If a hitter nicks a borderline pitch to increase an at-bat, which will say extra about the pitcher than the hitter. “It’s just the nature of the pitch,” Flores mentioned. “It’s hard to square up.” Batters might shorten their strides or react only a bit later in these conditions to maximise their probabilities at contact, however they’re nonetheless trying to hit the ball exhausting, not deflect it out of play.
“From what I know about hitting,” mentioned Christian Walker, a power-hitting first baseman for the Diamondbacks, “it seems impossible that somebody’s doing that on purpose.”
Older hitters beg to vary. The former big-leaguer Jon Jay, now a coach with the Marlins, mentioned he used to work on spoiling pitches in the batting cage. Grace admitted he generally swung for foul territory as a participant, although with restricted effectiveness.
“I put more balls in play trying to foul balls off than I actually fouled balls off,” he mentioned.
Tony Gwynn was the greatest at it, Grace famous, although Ahmed argued that Gwynn had it simpler than at the moment’s hitters. Gwynn “wasn’t facing guys who were throwing 95 to 100 m.p.h. every night,” he mentioned.
The one lively hitter (with the possible exception of Arraez) that a number of big-leaguers say may nonetheless do it’s Joey Votto, a stalwart veteran on a Cincinnati Reds squad crammed with proficient kids.
“I can,” Votto mentioned in a cellphone interview, “but I don’t do it as much.”
Back when the front-hip sinker was “a part of right-handed culture,” Votto, a left-handed batter, mentioned he would purposefully foul off these pitches so he may cowl the relaxation of the plate. No one assaults him that method anymore, so he’s shelved the get together trick. He bets a lot may nonetheless do it — in the event that they needed, big-leaguers may “attempt to hit bases” throughout a sport, he mentioned — however the possible consequence wouldn’t be price the effort. There is perhaps one plate look a collection, he thinks, when it could repay.
If such a feisty, contact-oriented strategy has ebbed, will it ever return? Some, like Ahmed and Flores, who’ve deserted that model of hitting, suppose it won’t.
“It doesn’t get you paid anywhere now,” Flores mentioned.
But baseball has undergone important change this 12 months, with the introduction of the pitch clock and restrictions limiting how groups place their infielders.

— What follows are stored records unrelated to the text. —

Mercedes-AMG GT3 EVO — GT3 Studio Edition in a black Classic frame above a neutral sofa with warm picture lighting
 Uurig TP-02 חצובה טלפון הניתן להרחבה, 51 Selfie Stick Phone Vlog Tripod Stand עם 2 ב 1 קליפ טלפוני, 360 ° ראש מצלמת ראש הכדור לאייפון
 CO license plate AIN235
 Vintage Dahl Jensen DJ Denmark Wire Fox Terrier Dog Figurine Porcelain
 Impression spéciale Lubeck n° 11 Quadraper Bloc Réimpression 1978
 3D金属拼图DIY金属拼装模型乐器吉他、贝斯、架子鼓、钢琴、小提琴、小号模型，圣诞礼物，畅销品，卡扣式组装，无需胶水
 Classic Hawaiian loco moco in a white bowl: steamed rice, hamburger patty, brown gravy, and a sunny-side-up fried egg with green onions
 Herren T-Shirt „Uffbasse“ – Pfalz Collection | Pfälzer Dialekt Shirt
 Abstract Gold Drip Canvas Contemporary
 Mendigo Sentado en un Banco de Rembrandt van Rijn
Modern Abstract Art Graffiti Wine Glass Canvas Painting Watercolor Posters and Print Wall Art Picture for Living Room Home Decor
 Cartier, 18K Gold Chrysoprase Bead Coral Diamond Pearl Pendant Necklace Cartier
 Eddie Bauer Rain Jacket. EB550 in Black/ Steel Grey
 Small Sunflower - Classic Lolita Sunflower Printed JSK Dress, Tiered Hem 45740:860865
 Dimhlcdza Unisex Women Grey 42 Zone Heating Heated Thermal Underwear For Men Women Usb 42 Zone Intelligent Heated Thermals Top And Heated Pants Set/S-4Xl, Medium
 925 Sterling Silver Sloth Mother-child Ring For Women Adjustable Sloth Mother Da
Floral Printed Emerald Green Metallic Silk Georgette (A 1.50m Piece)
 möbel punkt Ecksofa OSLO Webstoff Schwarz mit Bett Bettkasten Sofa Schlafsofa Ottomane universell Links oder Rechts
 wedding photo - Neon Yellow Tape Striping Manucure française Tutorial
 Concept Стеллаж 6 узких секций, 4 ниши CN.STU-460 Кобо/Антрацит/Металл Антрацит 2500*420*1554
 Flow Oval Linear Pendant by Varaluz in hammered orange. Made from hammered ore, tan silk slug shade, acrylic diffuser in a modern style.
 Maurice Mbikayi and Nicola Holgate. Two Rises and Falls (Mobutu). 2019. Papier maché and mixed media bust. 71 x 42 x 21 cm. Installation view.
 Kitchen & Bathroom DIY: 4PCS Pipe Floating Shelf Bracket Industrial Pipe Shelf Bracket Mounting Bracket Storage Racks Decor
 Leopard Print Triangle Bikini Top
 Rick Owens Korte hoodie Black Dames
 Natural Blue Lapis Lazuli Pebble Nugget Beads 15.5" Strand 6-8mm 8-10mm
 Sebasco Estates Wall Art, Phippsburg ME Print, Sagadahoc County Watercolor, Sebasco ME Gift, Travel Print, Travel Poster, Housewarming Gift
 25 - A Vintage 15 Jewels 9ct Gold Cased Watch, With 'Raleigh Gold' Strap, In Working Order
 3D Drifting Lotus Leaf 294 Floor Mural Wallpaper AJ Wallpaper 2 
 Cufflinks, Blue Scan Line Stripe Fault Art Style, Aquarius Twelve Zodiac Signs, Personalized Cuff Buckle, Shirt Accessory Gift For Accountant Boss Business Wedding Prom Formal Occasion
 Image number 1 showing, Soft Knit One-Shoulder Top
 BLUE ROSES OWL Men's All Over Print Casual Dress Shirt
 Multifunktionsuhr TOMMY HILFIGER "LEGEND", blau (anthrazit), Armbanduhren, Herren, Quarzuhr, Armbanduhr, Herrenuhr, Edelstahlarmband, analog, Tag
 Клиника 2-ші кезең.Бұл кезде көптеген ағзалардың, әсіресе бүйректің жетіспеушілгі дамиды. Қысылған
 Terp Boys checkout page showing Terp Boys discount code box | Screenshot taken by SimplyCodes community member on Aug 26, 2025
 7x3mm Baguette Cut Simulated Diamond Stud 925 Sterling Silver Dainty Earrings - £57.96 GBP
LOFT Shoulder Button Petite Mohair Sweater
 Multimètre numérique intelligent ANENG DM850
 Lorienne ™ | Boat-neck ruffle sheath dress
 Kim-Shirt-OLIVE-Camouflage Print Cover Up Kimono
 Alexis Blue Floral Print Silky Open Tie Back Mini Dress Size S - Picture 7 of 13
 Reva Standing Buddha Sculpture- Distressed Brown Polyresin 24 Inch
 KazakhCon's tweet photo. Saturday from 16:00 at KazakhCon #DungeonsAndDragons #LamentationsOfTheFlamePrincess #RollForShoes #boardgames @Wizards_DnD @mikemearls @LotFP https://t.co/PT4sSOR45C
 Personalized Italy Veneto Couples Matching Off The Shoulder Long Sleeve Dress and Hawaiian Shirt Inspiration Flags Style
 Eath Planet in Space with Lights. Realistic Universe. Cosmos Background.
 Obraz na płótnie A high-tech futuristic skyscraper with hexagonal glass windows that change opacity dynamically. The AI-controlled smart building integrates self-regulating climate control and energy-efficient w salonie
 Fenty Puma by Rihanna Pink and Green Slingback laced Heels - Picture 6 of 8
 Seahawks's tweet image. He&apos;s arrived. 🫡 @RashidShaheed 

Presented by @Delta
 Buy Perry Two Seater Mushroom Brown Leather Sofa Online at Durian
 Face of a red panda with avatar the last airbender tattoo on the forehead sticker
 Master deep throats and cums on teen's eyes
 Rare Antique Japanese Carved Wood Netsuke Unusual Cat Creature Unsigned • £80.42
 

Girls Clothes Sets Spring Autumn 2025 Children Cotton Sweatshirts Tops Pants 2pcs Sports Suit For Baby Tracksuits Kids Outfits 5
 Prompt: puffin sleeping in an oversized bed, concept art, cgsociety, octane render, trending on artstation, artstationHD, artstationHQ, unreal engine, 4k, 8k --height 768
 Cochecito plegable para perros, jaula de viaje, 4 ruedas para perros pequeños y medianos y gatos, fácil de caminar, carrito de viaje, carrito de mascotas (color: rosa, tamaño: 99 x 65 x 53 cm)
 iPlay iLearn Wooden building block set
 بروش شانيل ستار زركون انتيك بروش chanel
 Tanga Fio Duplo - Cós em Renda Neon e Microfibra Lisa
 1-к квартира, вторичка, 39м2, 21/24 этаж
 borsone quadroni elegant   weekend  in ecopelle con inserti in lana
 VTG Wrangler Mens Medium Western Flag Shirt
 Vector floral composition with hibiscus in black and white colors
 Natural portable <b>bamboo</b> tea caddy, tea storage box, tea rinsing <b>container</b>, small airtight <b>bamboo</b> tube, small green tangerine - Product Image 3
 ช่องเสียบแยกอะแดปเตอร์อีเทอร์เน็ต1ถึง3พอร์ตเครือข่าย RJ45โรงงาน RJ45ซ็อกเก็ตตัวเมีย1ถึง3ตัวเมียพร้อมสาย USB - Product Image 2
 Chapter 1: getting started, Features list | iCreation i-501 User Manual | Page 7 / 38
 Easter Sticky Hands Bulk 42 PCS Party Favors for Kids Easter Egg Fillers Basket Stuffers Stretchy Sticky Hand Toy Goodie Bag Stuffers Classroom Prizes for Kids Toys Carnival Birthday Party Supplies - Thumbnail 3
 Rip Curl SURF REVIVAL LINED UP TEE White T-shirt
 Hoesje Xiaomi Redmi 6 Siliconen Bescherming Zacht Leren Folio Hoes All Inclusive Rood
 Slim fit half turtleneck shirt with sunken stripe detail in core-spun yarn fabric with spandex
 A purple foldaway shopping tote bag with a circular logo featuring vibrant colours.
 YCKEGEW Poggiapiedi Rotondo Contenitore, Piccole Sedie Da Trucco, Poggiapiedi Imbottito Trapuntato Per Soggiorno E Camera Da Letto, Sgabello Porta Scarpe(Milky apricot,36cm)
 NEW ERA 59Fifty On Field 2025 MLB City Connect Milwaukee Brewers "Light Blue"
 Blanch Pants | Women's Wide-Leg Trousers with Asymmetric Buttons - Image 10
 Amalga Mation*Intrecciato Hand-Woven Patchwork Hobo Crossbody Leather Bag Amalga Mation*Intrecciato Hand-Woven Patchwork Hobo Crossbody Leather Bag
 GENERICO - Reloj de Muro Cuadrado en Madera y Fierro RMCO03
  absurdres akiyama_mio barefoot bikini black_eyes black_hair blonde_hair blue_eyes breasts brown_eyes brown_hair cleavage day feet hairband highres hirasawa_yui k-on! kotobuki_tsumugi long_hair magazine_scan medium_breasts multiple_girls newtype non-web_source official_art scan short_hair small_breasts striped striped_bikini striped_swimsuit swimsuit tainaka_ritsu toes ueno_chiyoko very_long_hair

As a end result, the sport is quicker, stolen bases are up and holes as soon as lined by a shift sit open. For that cause, Votto predicts a return of the pesky, indefatigable contact hitter.
“There will be a demand for guys who can control the bat and bunt and get guys over in the not-too-distant future,” he mentioned.
Fatse agrees. The house run hitter won’t ever exit of model, however lineup is various in its ability units.
“It’s not a lost art,” he mentioned.
There are a lot of guys who can do it. He watched one in faculty.
LePage may foul them off with the greatest of them. Reached by cellphone, the former infielder revealed it was a ability he’d observe. Outside of group exercises, he’d head to a neighborhood batting cage, feeding quarters in the machine after which simulating totally different pitch areas by standing in a range of spots. His solely objective: to foul every pitch again.
“People watching probably thought I was pretty bad,” LePage mentioned.
Far from it. A Thirteenth-round draft decide in 2010, he performed two seasons in the minors, hitting .303 however not offering a lot pop. Then he received harm, was launched and wrapped up his enjoying profession with one season in unbiased ball, the place he as soon as once more teamed with Fatse.
LePage, who works in insurance coverage as of late, has few regrets. But baseball’s homer- and strikeout-happy flip has left him puzzled.
“If you get a slider low and away,” he mentioned, “instead of swinging through it, wouldn’t you want another pitch?”
Then once more, fouling a ball off was simpler for him than it was for almost anybody else.